What to produce:
In your answer, set down the records below exactly as they stand, omitting pictures.

Excerpted records:

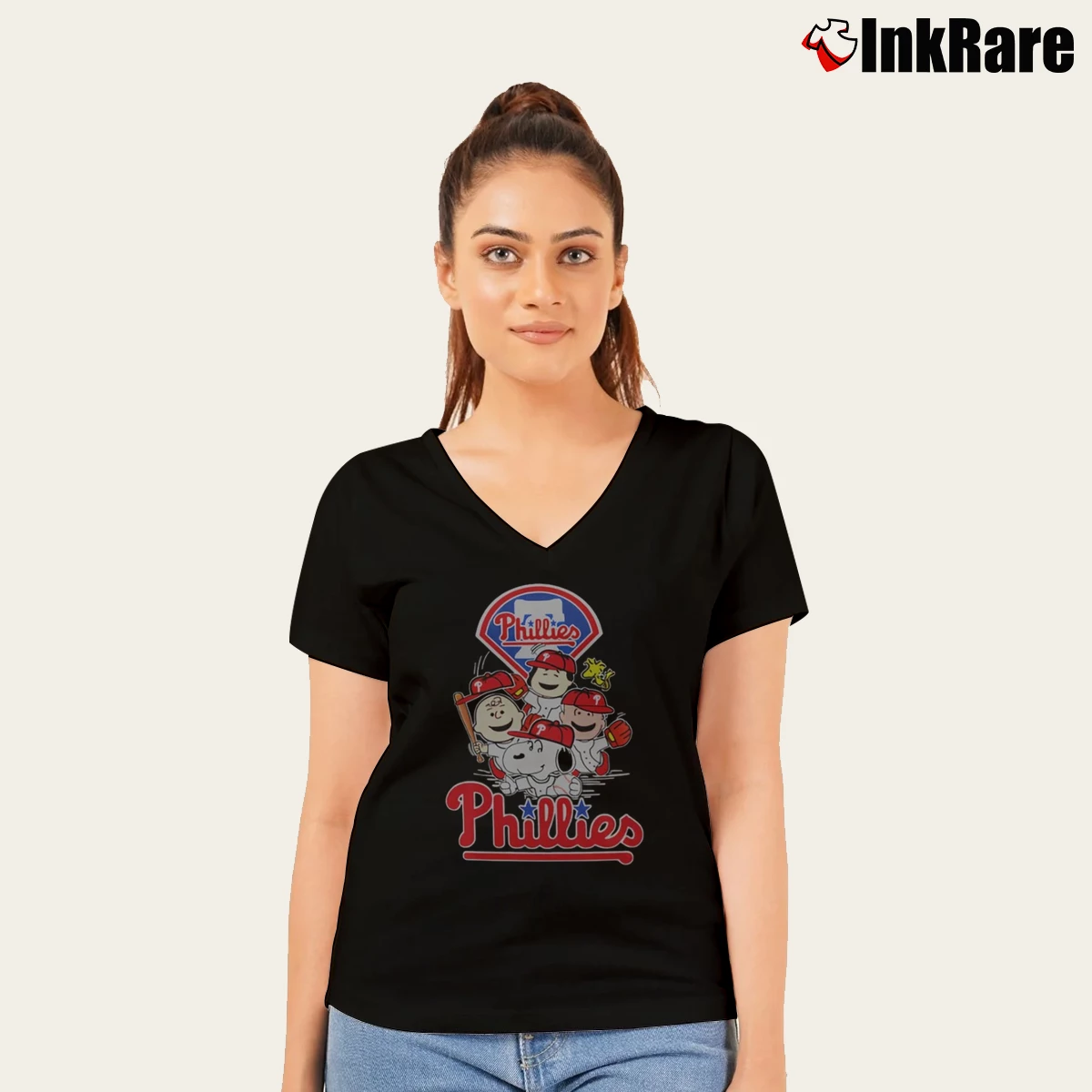 Snoopy And Friends Philadelphia Phillies Women’s V-Neck Tee in black – Flattering Fit Women’s Snoopy And Friends Philadelphia Phillies V-Neck Tee in black | Chic Neckline, Soft Texture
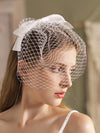 Vintage Short Mesh Bridal Veil with Bowtie V803xmj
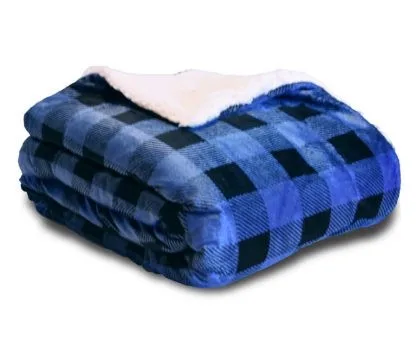 Micro Mink Plaid Sherpa Blanket (50" x 60") view 2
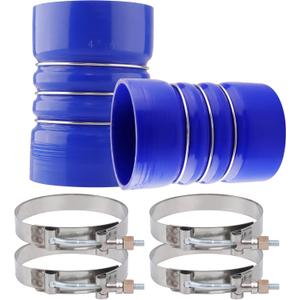 4" X 6" Silicone Charge Air Cooler Hump Hose with T-Bolt Clamps Set, 4 inch ID Turbo, Air Intake and Intercooler CAC Hose Kit for Semi Trucks,2PCS Blue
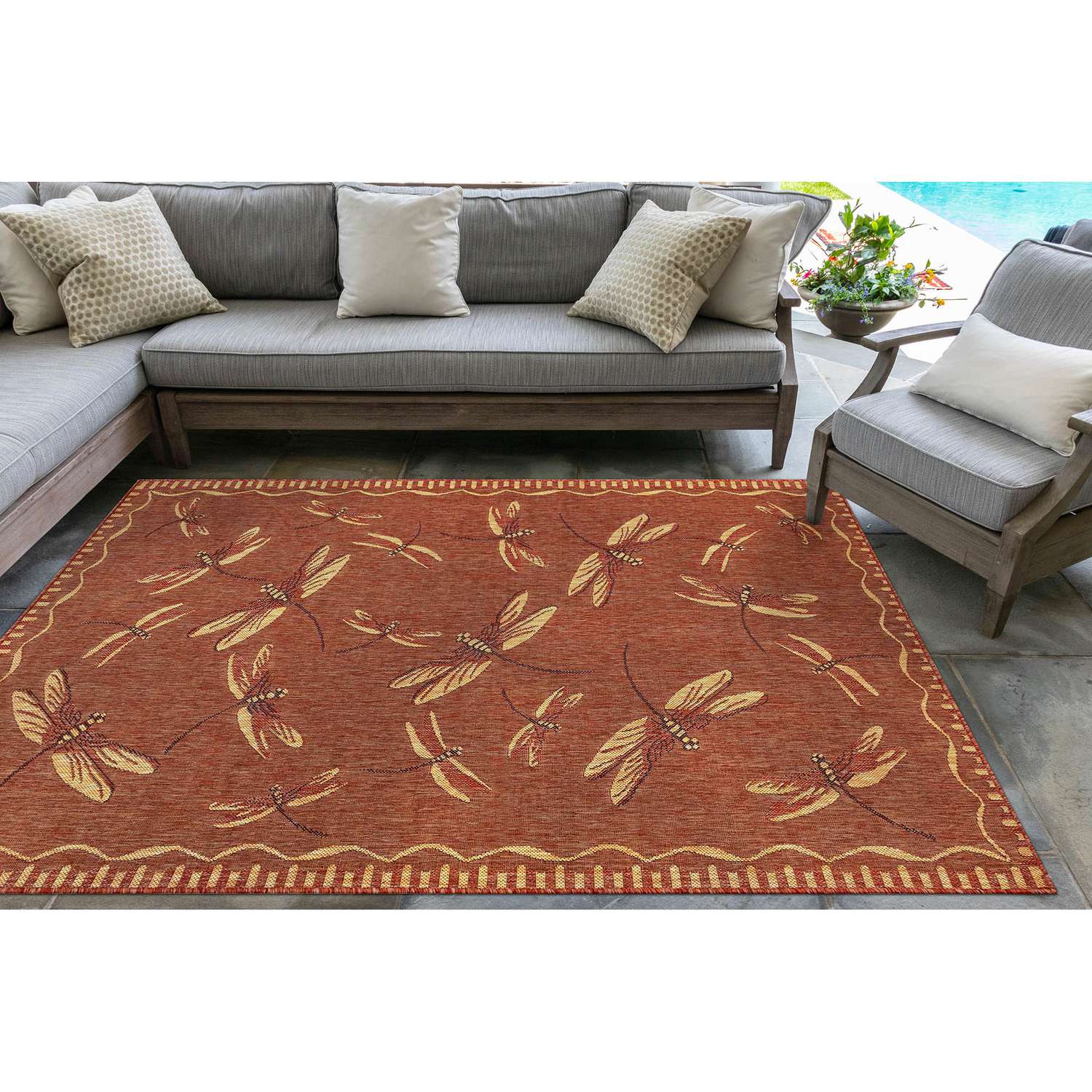  Liora Manne Carmel 4.85 Ft. W X 7.5 Ft. L Red Casual Polypropylene Accent Rug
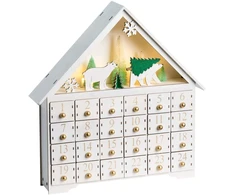 Beliani LED kalėdinė dekoracija MJOSA advento kalendorius 33 cm baltos spalvos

Answer for this exercise:
 Snoopy And Friends Philadelphia Phillies Women’s V-Neck Tee in black – Flattering Fit Women’s Snoopy And Friends Philadelphia Phillies V-Neck Tee in black | Chic Neckline, Soft Texture
 Vintage Short Mesh Bridal Veil with Bowtie V803xmj
 Micro Mink Plaid Sherpa Blanket (50" x 60") view 2
 4" X 6" Silicone Charge Air Cooler Hump Hose with T-Bolt Clamps Set, 4 inch ID Turbo, Air Intake and Intercooler CAC Hose Kit for Semi Trucks,2PCS Blue
  Liora Manne Carmel 4.85 Ft. W X 7.5 Ft. L Red Casual Polypropylene Accent Rug
 Beliani LED kalėdinė dekoracija MJOSA advento kalendorius 33 cm baltos spalvos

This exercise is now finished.